Article Analysis
Conducting a thorough analysis means understanding the essential elements that make up a whole in an attempt to better, more deeply understand the whole. Therefore, this section of your paper must break the Unit 3 paper under your analysis down into its essential elements using the Elements of Thought we’ve been studying throughout our semester. Again, how you organize the required elements for this section is up to you; however, your Analysis must be coherent, logical, and fluid. Any paper that presents an Analysis that merely provides the information required to satisfy each bullet point listed below will receive little to no credit. Your Analysis section should pick up naturally where the Introduction & Summary ended and must include:
identification and explanation of the primary response to the Unit 2 article the author presented in the paper.
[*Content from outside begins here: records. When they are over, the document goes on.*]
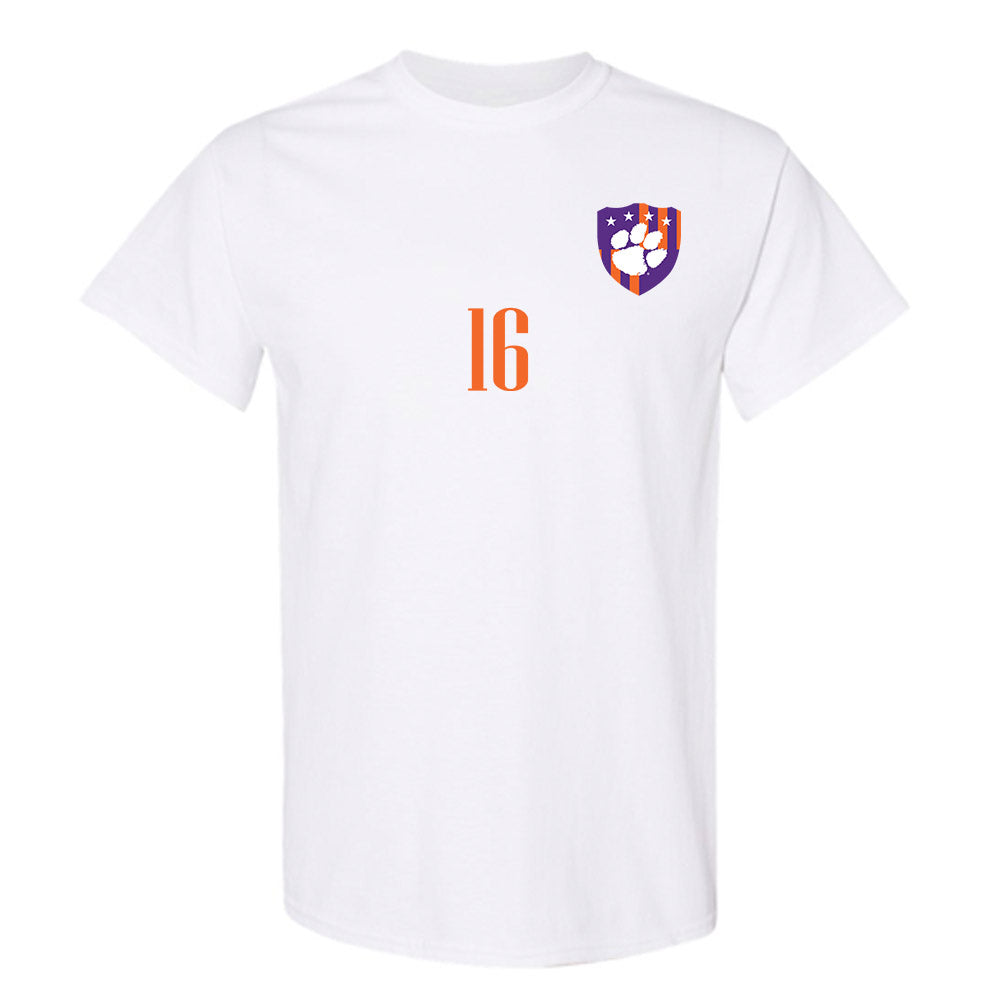 Clemson - NCAA Men's Soccer : Mason Jimenez - T-Shirt-0
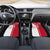 Yemen Football Car Mats with Red and White Flag Design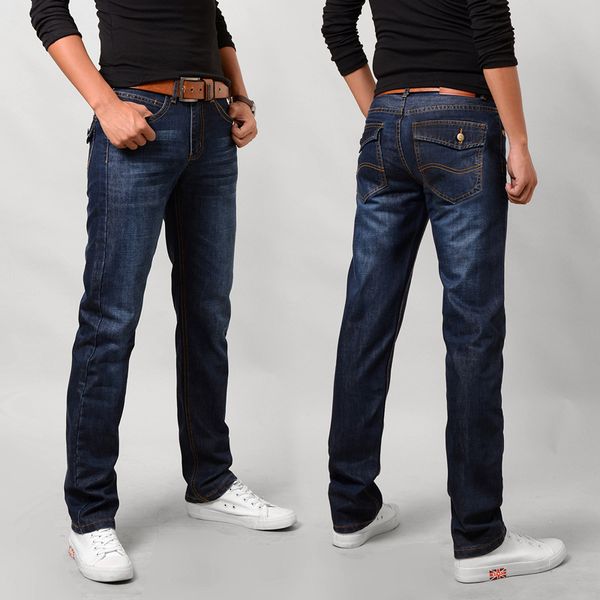 size 28-38 men's straight denim jeans navy blue solid long jeans new fashion male classic style denim
size 28-38 men's straight denim jeans navy blue solid long jeans new fashion male classic style denim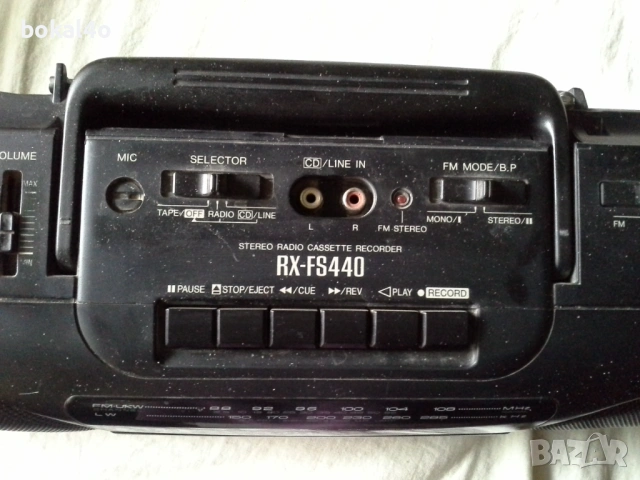 Panasonic - радиокасетофон, снимка 3 - Радиокасетофони, транзистори - 53983829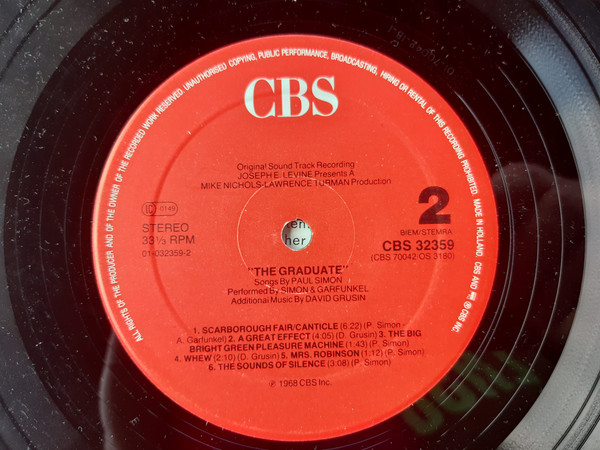 Simon & Garfunkel – The Graduate (Original Soundtrack) – Hoes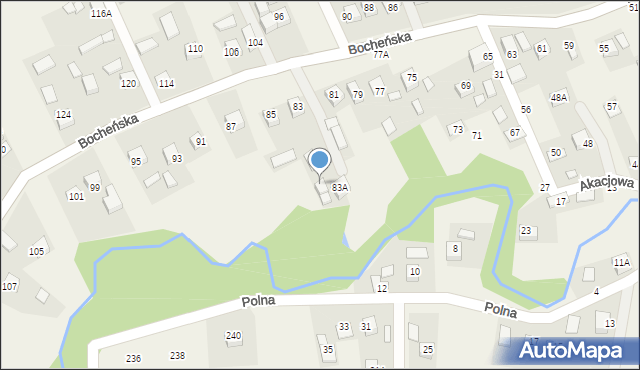 Rzezawa, Bocheńska, 83B, mapa Rzezawa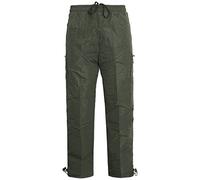 2k17Aug Mens Cargo Thermal Fleece Lined Combat Pants Trouser Jogging Bottoms Joggers[Khaki,L]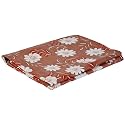 Vinyl Washing Machine Cover for Onida 8.5kg Fully Automatic Top Loading, T85grdd, Floral Print (Monza)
identification and contextual discussion of the primary evidence the author presents to justify the response — summarize the evidence cohesively and succinctly and then offer your understanding of that evidence and its impact on the argument. DO NOT string together quote after quote after quote and always properly cite all included evidence pulled from the paper.
identification and explanation of the point of view from which the author is presenting the response. Remember that point of view often requires identification of personal characteristics that dictate someone’s perspective. Identify only what you know and can safely assume about the Unit 3 paper’s author.
identification and explanation of how the author addresses opposing points of view, especially the point of view of the Unit 2 article author to which your classmate is responding.
identification and discussion of bias evident in the text as indicated by word choice, tone, connotation, cherry-picked evidence, emotional manipulation, etc.
identification and discussion of fallacies and / or mental manipulation evident in the text.
All evidence pulled specifically from the text under analysis must be properly cited using MLA in-text citations and proper representation on the paper’s Works Cited page.
The Analysis section should be at least one well-developed and cohesive paragraph long, possibly two.
EVALUATION
The Evaluation section is the heart of your paper, and the Analysis section should lead up to it logically. You must fairly and objectively evaluate the quality of the argument being presented in the article based on your previous analysis. You cannot evaluate what you have not analyzed, so your analysis and evaluation should work together logically and cohesively with your analysis leading toward a logical and objective evaluation.
Your Evaluation section should be organized according to your classmate’s Unit 3 paper’s strengths AND weaknesses and should cover all or most of the elements listed below. How you organize those required elements for this section is up to you; however, your Evaluation section must be coherent, logical, and fluid. Any paper that presents an Evaluation section that merely provides the information required to satisfy each bullet point listed below will receive little to no credit. Your Evaluation should include a thorough discussion of all of the following with adequate supporting evidence to support each of your assertions:
how clear, precise, fair, and logical you find the author’s argument / purpose.
how clear, relevant, precise, fair, and logical you find the Key Questions at the core of the argument.
how relevant, accurate, in-depth, precise, fair, significant, representative of breadth, and logical you find the evidence used to support the argument.
how clear, relevant, accurate, in-depth, precise, fair, significant, representative of breadth, and logical you find the Key Concepts at the core of the argument.
the degree to which you feel the assumptions the author has made are relevant, logical and fair.
the degree to which you feel the implications noted in your analysis are clear and relevant, fair and logical.
the degree to which you feel the author’s primary point of view is fair and logical given the overall argument presented, demonstrative of depth and breadth, and clear and relevant to the stated purpose and argumentative context. Be sure to include whether the author seemed sensitive to the points of views of others and to the complexity of the argument and its context.
the degree to which you feel the author’s own biases or political affiliations may have impacted the way he/she/they presented the opinion.